We present the case of a 70-year-old Caucasian man, living in a rural area of the province of Madrid with no known toxic habits. Among his personal history, the following is of note: type 2 diabetes mellitus and well-differentiated, stage IV adenocarcinoma of the rectum (pT3 N0 M1 due to bilateral pulmonary metastases, according to the 2017 TNM classification), undergoing active chemotherapy treatment for systemic disease (second line), based on 5-fluorouracil/leucovorin/oxaliplatin (FOLFOX) and cetuximab, of which he has completed five cycles with good tolerance.

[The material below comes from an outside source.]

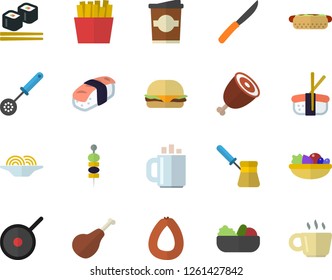 Color flat icon set teflon flat vector, kitchen spoon, knives, turk, ham, sausage, spaghetti, hamburger, hot dog, salad, French fries, fish rolls, sashimi, coffe, canape, coffee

He consulted due to a brownish, painless macule with erythematous borders on the front side of his right leg, measuring approximately 2cm×2cm in diameter, which had appeared 72h previously. In the systems review, he denied having a fever, the onset of skin lesions in other places, loco-regional trauma, insect bites and other compatible inflammatory/infectious symptoms. Similarly, there were no data suggestive of immunosuppression in the laboratory tests. The patient had never left Spain.

Progress

In the first 48h after admission, the lesion developed, with spreading of the erythematous borders, which also turned violet, and the central macule, which became ulcerous with a necrotic background (Fig. 1) and spontaneously painful. Samples were collected for culturing and a skin biopsy was taken, the analysis of which showed the presence of necrotic and ischaemic lesions, as well as the existence of fungi with large, non-partitioned hyphae in the dermis and hypodermis, some of which passed into the blood vessels (Figs. 2 and 3). In the culture taken from the ulcer, a strain of Rhizopus oryzae eventually grew.

Fig. 1.

Skin lesion after 48h, with a necrotic centre and erythematous borders, characteristic of cutaneous mucormycosis.

(0.08MB).
Fig. 2.

H&E staining. A large non-partitioned and thick hypha is shown.

(0.16MB).
Fig. 3.

PAS staining. Multiple, tubular PAS-positive structures passing into the wall of a blood vessel are identified.

(0.22MB).
Final comments

The differential diagnosis of skin ulcers caused by fungi must include the following genera: Candida, Aspergillus, Cryptococcus, Fusarium, Trichosporon, Paecilomyces and the group of zygomycetes. In the case report presented (black skin ulcer) and with presumed fungi forming non-partitioned hyphae, the most likely diagnosis is a genus belonging to the order Mucorales, the infection of which is more commonly known as mucormycosis. In the division of zygomycetes, two orders of fungi can be found: Entomophthorales (entomophthoromycosis) and Mucorales (mucormycosis). The genera Basidiobolus and Conidiobolus belong to the order Entomophthorales, parasitic fungi of some insects. Infections in humans tend to be subcutaneous chronic granulomatous diseases and they have been documented mainly in Africa, South America, India and the Middle East. Within the order Mucorales, the larger and more extensively-studied order, there are 12 families, of which the main family causing disease in humans is the Mucoraceae. The genera included in the Mucoraceae family are Rhizopus, Mucor, Rhizomucor, Lichtheimia and Apophysomyces. Other genera capable of causing disease in humans are Saksenaea, Cunninghamella and Syncephalastrum.1 All of these are distributed throughout nature, being found mainly in decaying vegetation and in soil. Some species included in this group may be identified with the naked eye as mould-formers, for example, on rotting bread or potatoes.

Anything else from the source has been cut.